Event summary combining transcript, slides, and related documents.

Logotype for Foresight Environmental Infrastructure Limited

H2 2025 earnings summary

26 Jun, 2025

Executive summary

  • Strategic review reaffirmed focus on proactive management of a diversified environmental infrastructure portfolio, emphasizing income generation, progressive dividends, and selective asset disposals for capital recycling.

  • Achieved record cash distributions and tenth consecutive year of dividend growth, with a resilient and diversified portfolio focused on environmental infrastructure.

  • Portfolio spans renewable energy, energy infrastructure, and sustainable resource management, with 73% in renewables.

  • Board introduced a more shareholder-friendly continuation vote structure, lowering the threshold to 50% and simplifying the process.

  • Growth assets such as CNG Fuels, The Glasshouse, and Rjukan Aquaculture show strong potential for future capital appreciation.

Financial highlights

  • NAV per share at 106.5p, down from 113.6p, offset by a 7.8p dividend, resulting in a flat NAV total return of 0.6% for the year and a 7.3% annualized NAV total return since IPO.

  • Record cash generation from assets, with dividend cover at 1.32x, the second highest since IPO.

  • FY25 dividend of 7.80p delivered, with cover at 1.32x; FY26 dividend target increased to 7.96p (10% yield at publication).

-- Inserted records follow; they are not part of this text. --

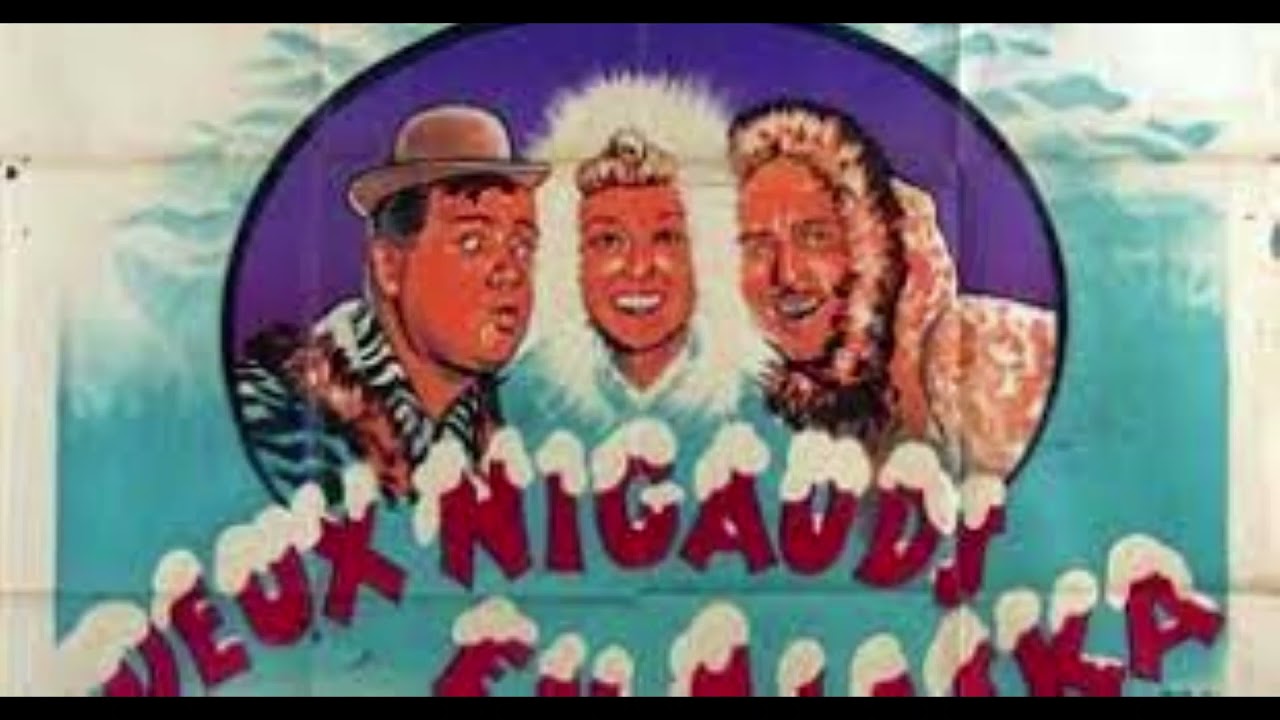 Trailer oficial de Lost in Alaska - Legendado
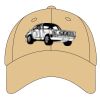 Youth Sport Flex Athletic Mesh Cap Thumbnail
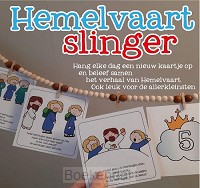 HEMELVAARTSLINGER INCL. KRALENSLINGER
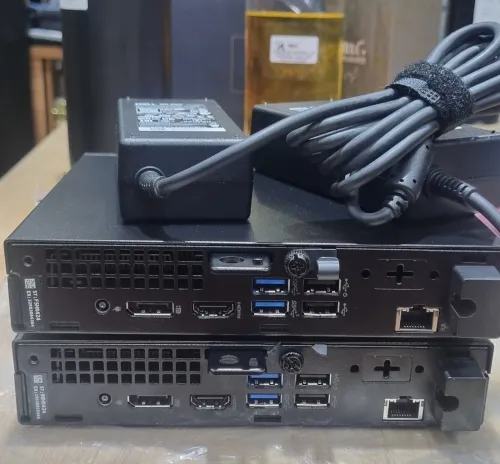 Dell Optiplex Micro 7010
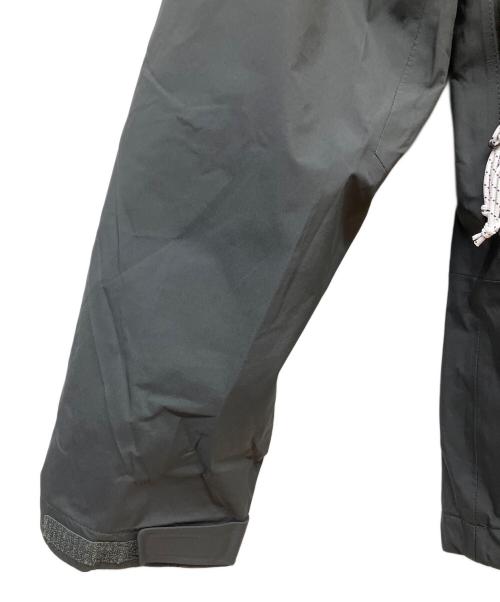 Columbia（コロンビア）Columbia (コロンビア) マウンテンズアーコーリングVジャケット グレー サイズ:SIZE Mの古着・服飾アイテム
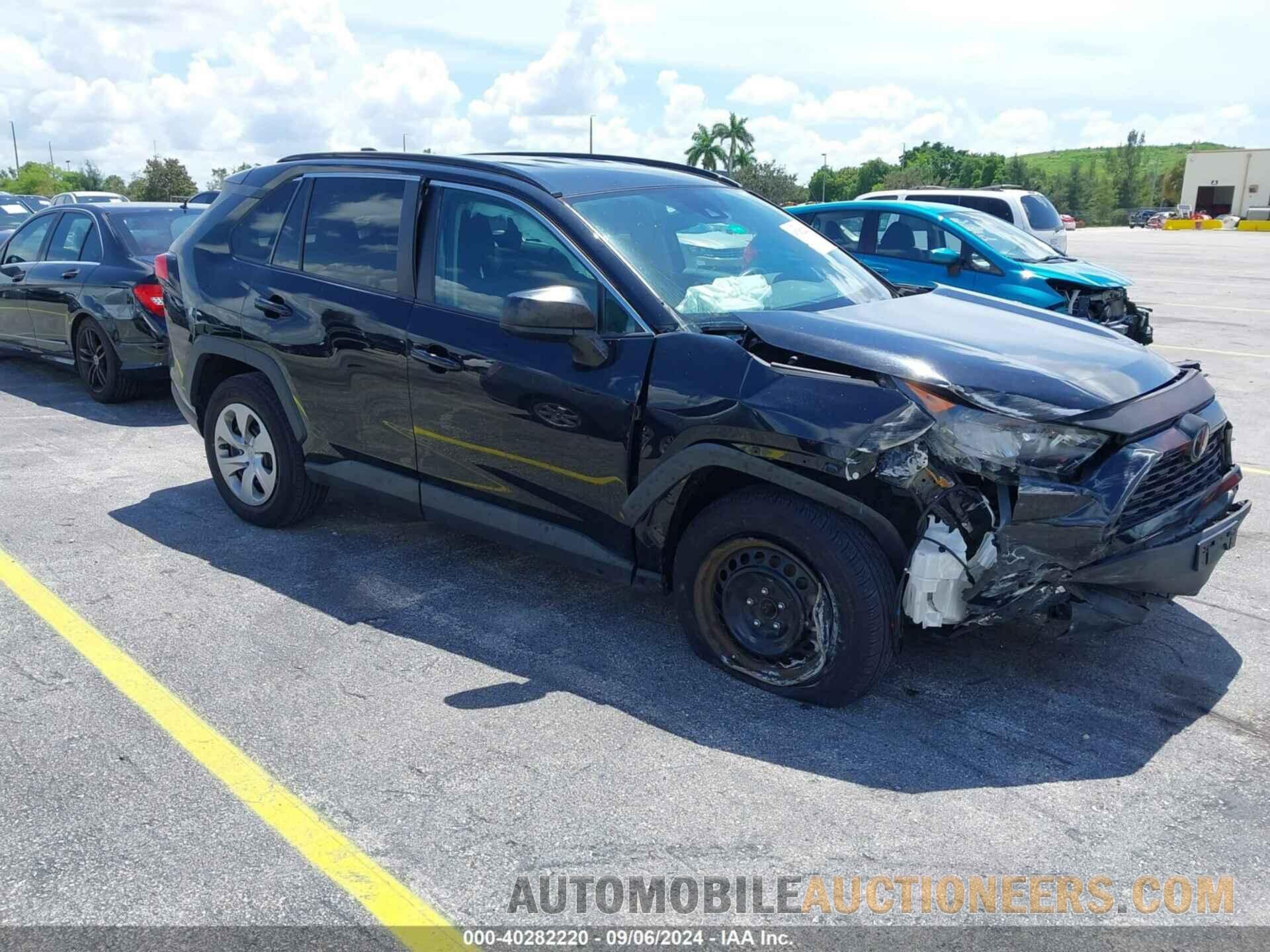 2T3F1RFV4LC067958 TOYOTA RAV4 2020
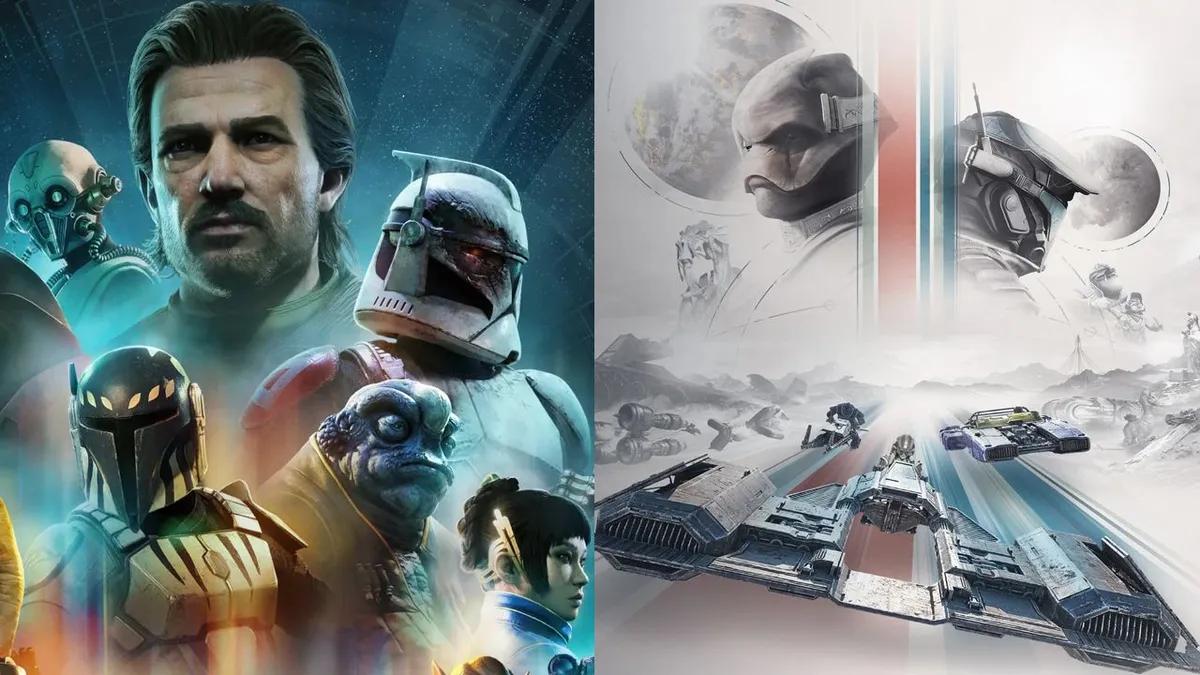 Lucasfilm Teases More Games on Star Wars Will Be Released in the Future
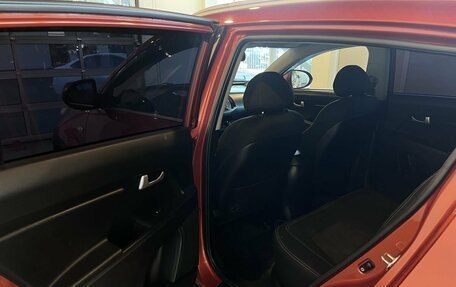 KIA Sportage III, 2012 год, 1 215 000 рублей, 24 фотография
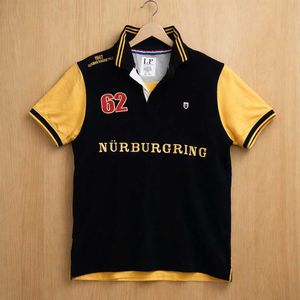 👑 Authentic Louis Philippe Polo | Nurburgring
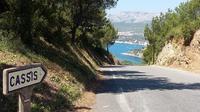 Marseille Shore Excursion : Half Day Cassis Electric Mountain Bike Tour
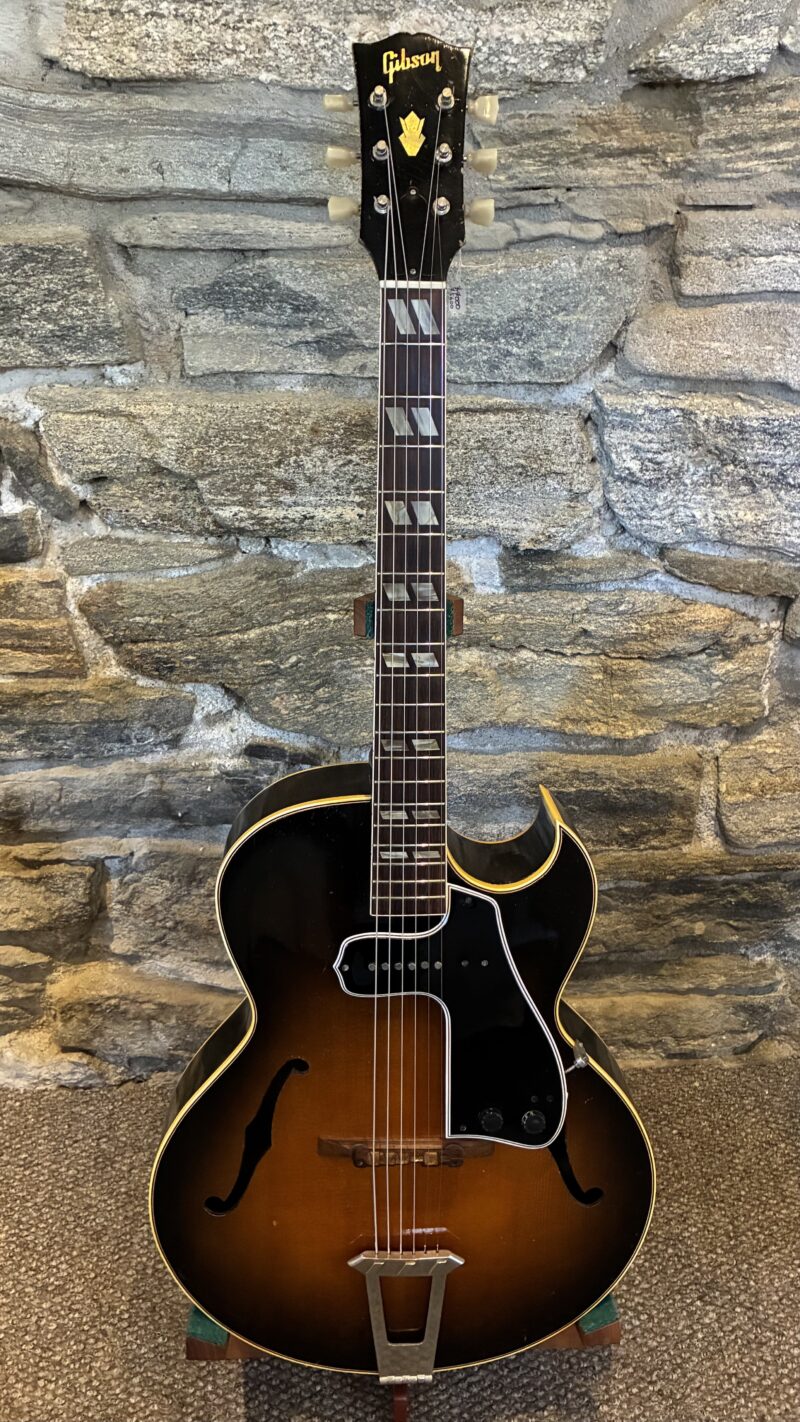 Gibson L-4c (1950)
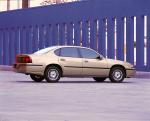 Chevrolet Impala 2000 года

  • Two major asset sales (AD portfolio and solar rooftop) raised £90m, enabling debt reduction and a £30m share buyback program.

  • Portfolio value at £765.7m, down from £891.9m due to asset sales and capital returns.

Outlook and guidance

  • Dividend target for next year increased by 2.1% to 7.96p per share, targeting a ~10% yield on current share price.

  • Focus remains on income generation, value enhancement in the existing portfolio, and disciplined new investments.

  • Dividend cover expected to remain healthy, though likely to decrease slightly to around 1.2x for the next financial year.

  • Refocused investment strategy to balance income and growth, leveraging market opportunities in renewables and sustainable resources.

  • New investments will be highly selective, prioritizing contracted revenues and inflation linkage.